映画

『The dam keeper』そのナレーションの日本語訳


たまたまツイッター眺めてたらトレーラーが流れてきて以来、ずっと見たいと思ってた。

そして、つい先日itunesで見れるようになった。

https://itunes.apple.com/us/movie/the-dam-keeper/id962374424

18分のショートフィルムで300円。

日本語字幕はないが、本編はセリフなし。冒頭と最後だけ英語の語りが入る。

元ピクサーの堤大介さんとロバート・コンドウさんがトンコハウスを立ち上げて、撮った初の作品。アカデミー賞のアニメ短編部門でノミネートされている。

“主人公の豚の少年は身よりもなく友達もいない。家族代々受け継がれてきたダムキーパーの仕事は歯車のネジを8時間に一度、歯車のネジを巻いて風車を動かすことだ。それで汚染された空気をダムの外側に追い出していた。町の人はダムが誰によって動かされ、ダムの向こうに何があるのかさえ忘れていた。ある日、キツネの絵を描くのが好きな転校生がやってくる。”

というあらすじ。

心情に沿った美しいライティングのセンスが素晴らしい。暗いシャドウの部分も良かった。うっすらと暗い影にうかぶフォルムや照り返しで少し色がついている。

かわいらしい絵とは裏腹に話は重い。いじめられたことのある経験のある人には序盤はつらいかも。しかし、最後には気持ちが和やかになる。

こう多くは語らないシンプルで直球なものに弱い…弱くなったのか。とにかく見てよかった。

ナレーションの日本語訳

最初と最後の語りが分かるとより楽しめると思う。英文と訳を置いておきます。
翻訳で何かあればどうぞお気軽に(あんまり自信ない)。

プロローグ

At that age, I was almost too short to look outside. Through one of my windows, all I could see was a cloud, an ocean of ash. It suffocated everything.

Out the other window, I saw the people in town. Out both, I saw darkness.
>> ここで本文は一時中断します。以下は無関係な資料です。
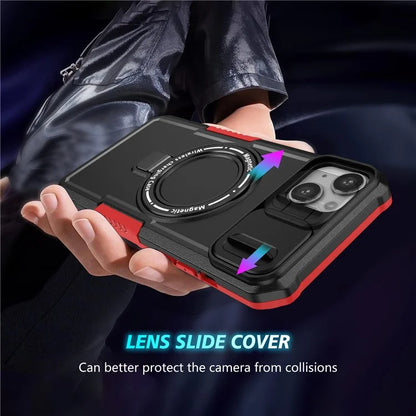 For iPhone 14 Plus Case with Sliding Camera Cover Kickstand Magnetic Phone Shell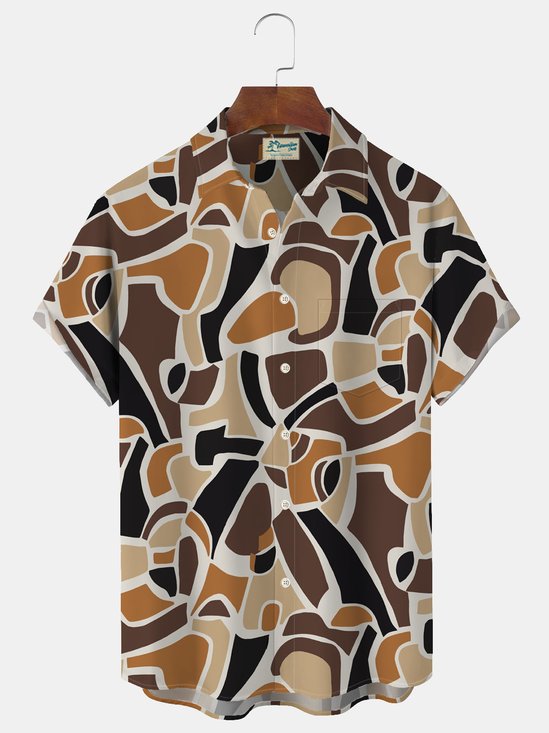Royaura Geometric Color Block Print Men's Button Pocket Shirt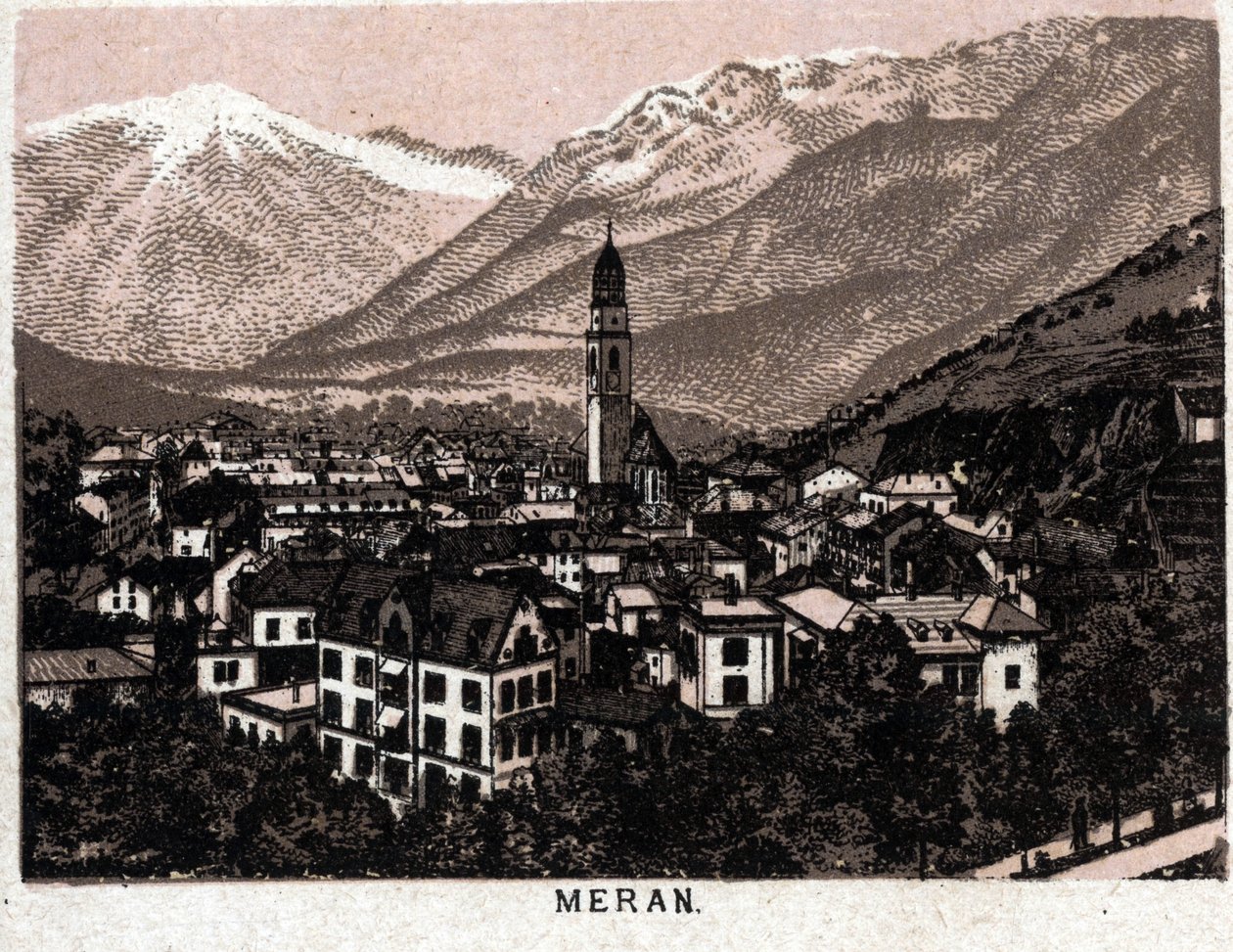 意大利蒂罗尔州：梅兰市（Merano）的景色。载于 "世界图解168景" 无日期（19世纪末）。 作者 未知艺术家
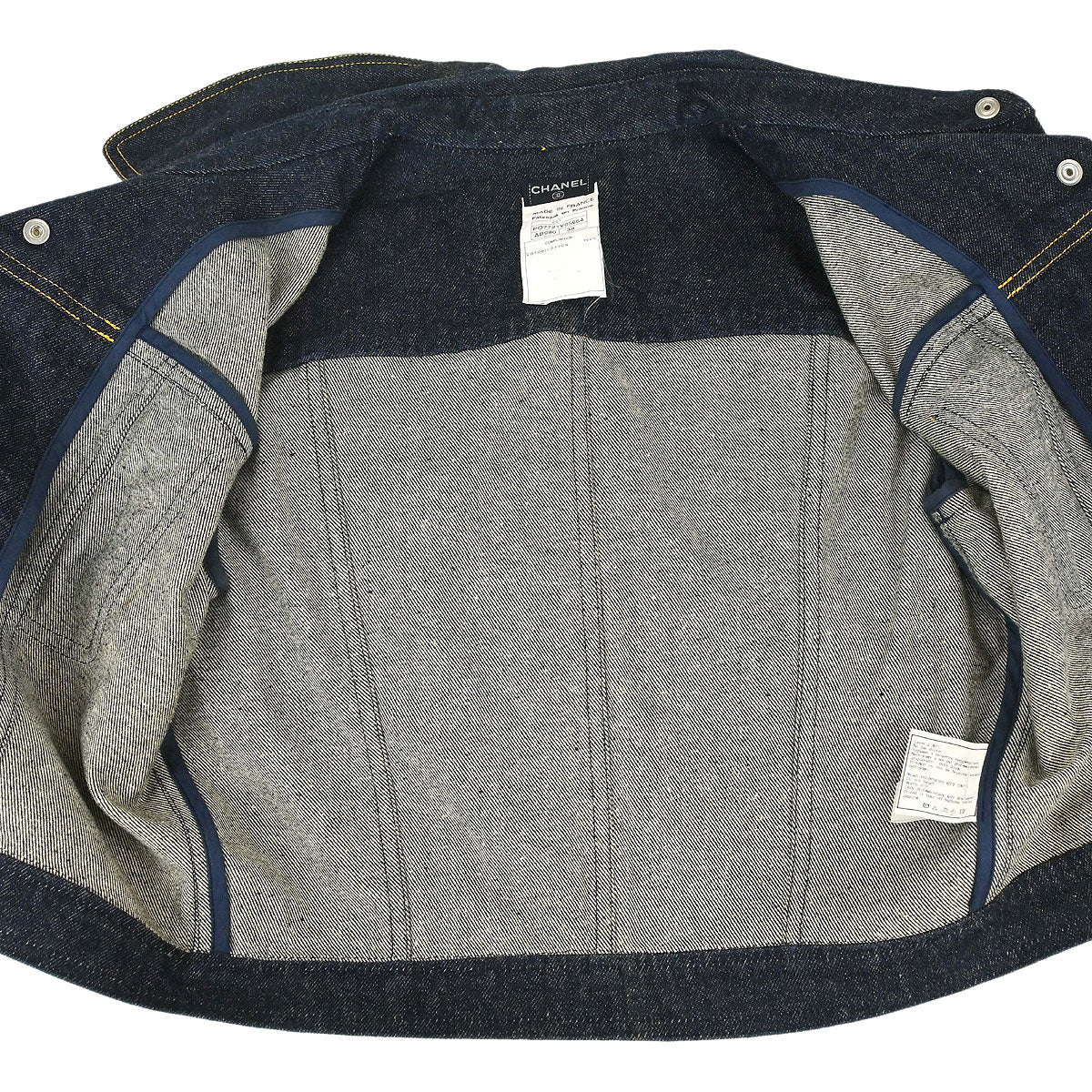 Chanel 1997 Single Breasted Denim Jacket Indigo #38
Dad had always said, the job of a dam keeper is to keep the darkness away.

But by then, I was doing it alone. I was the dam keeper.

その歳で、外側を見るにはまだ早すぎた。窓を通して見えたのは雲と、灰の海だけだった。そこではすべてのものの息を止める。

向こう側の窓の外に、僕は街の人々を見た。両側とも闇が見えた。

パパはいつも言っていた。「ダムキーパーの仕事は闇を遠ざけることだよ。」

しかしそのときは、僕はたった一人で仕事をしていた。僕はダムキーパーだったのだ。

エピローグ

Dad had always said, the job of a dam keeper is to keep the darkness away.

But he never told me what to do when it surrounds you.

His mask protected me from the cloud.

But nothing I had protected me from the people.

パパはいつも言っていた。「ダムキーパーの仕事は闇を遠ざけることだよ。」

しかし、パパは闇に包まれた時にどうすればよいのかを伝えたことはなかった。

パパのマスクは僕を煙から守ってくれた。

しかし、人々から僕を守るものはなにもなかった。